Let $f(x,y)=\frac{y^2-5x+x^2}{y-2x}$. Find the limit as $(x,y)$ approaches $(1,2)$.

$f(1,2)=\frac{0}{0}$, an indeterminate form. Therefore, direct substitution will not work.

By going along the path $x=1$, we have:

$\displaystyle\lim_{(x,y)\rightarrow(1,2)}\left(\frac{y^2-5x+x^2}{y-2x}\right)=\lim_{(x,y)\rightarrow(1,2)}\left(\frac{y^2-4}{y-2}\right) =\lim_{(x,y)\rightarrow(1,2)}(y+2)=4$.
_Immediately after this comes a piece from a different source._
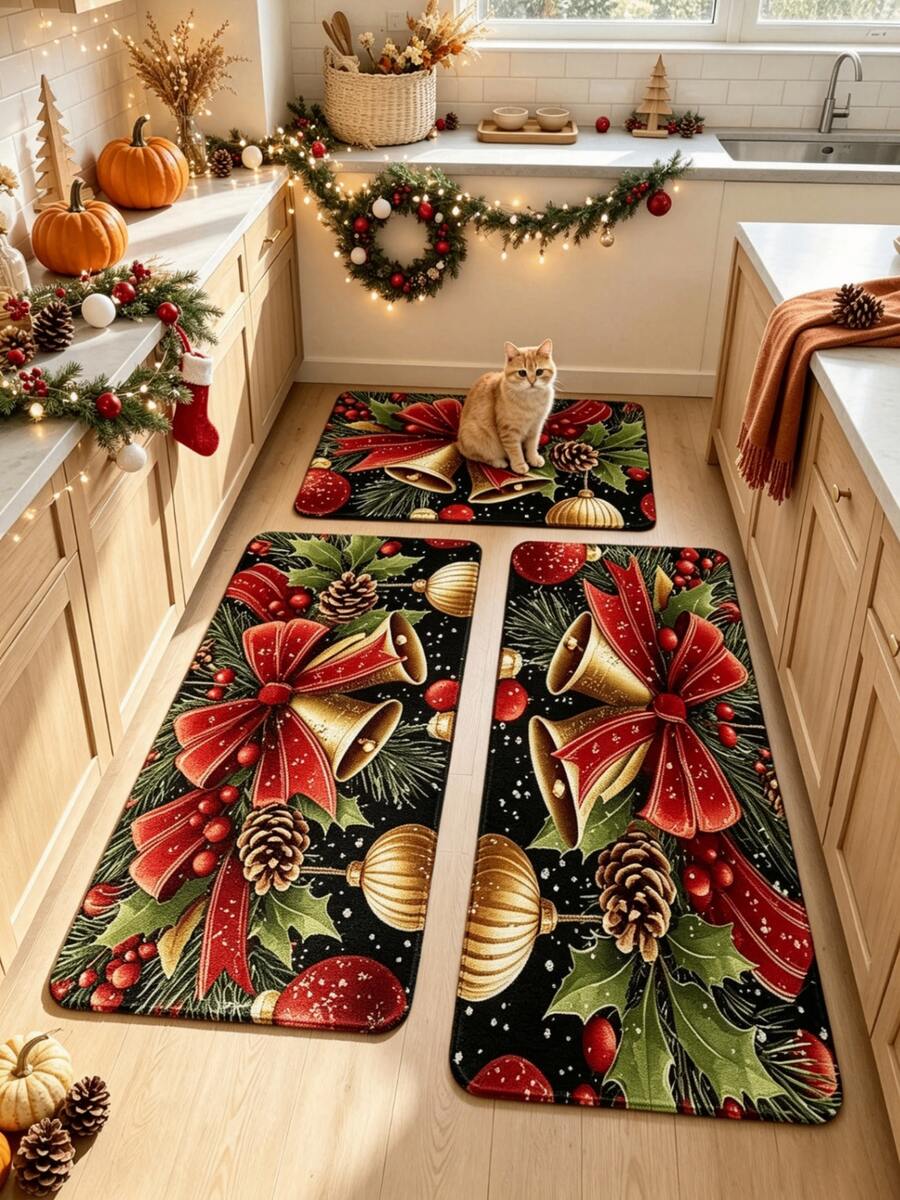1 st köksmatta med jultema och klockmotiv, förtjockad matta, tjock matta, plyschmatta, höst-/vintermatta, köksmatta, köksmatta, köksmatta, dörrmatta, liten matta, matta, löpare, golvmatta, heminredning, areamatta, utomhusmatta, heminredning, areamatta, sovrumsmatta, tvättbar matta - Multifärgad - Visa 1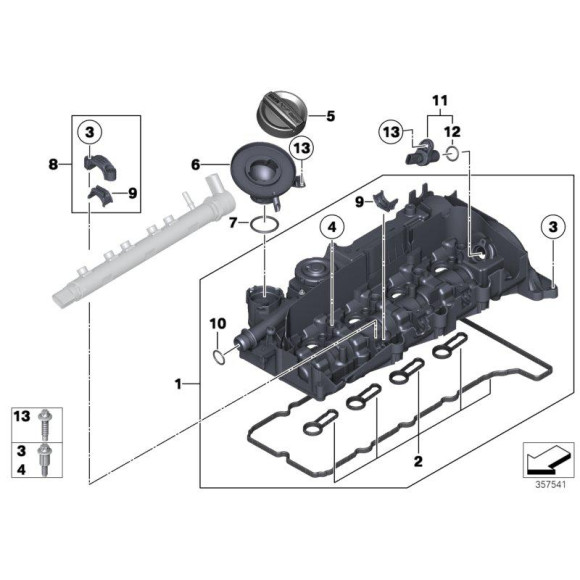 Pokrywa głowicy BMW E84 X1 E90N E91N F07 F10 F11 F20 F21 F30 F31 F36 316d 318d 320d 520d 525d 518d 114d 116d 118d 120d - 1112858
Then, along the path $y=2$, we have:

$\displaystyle\lim_{(x,y)\rightarrow(1,2)}\left(\frac{y^2-5x+x^2}{y-2x}\right)=\lim_{(x,y)\rightarrow(1,2)}\left(\frac{x^2-5x+4}{-2x+2}\right) =\lim_{(x,y)\rightarrow(1,2)}(\frac{(x-4)(x-1)}{-2(x-1)})=\lim_{(x,y)\rightarrow(1,2)}\frac{(4-x)}{2}=\frac{3}{2}$.

Since the limit of $f(x,y)$ approaches two distinct values from different paths, so by the two path rule, $\displaystyle\lim_{(x,y)\rightarrow(1,2)}\left(\frac{y^2-5x+x^2}{y-2x}\right) \text{DNE}$.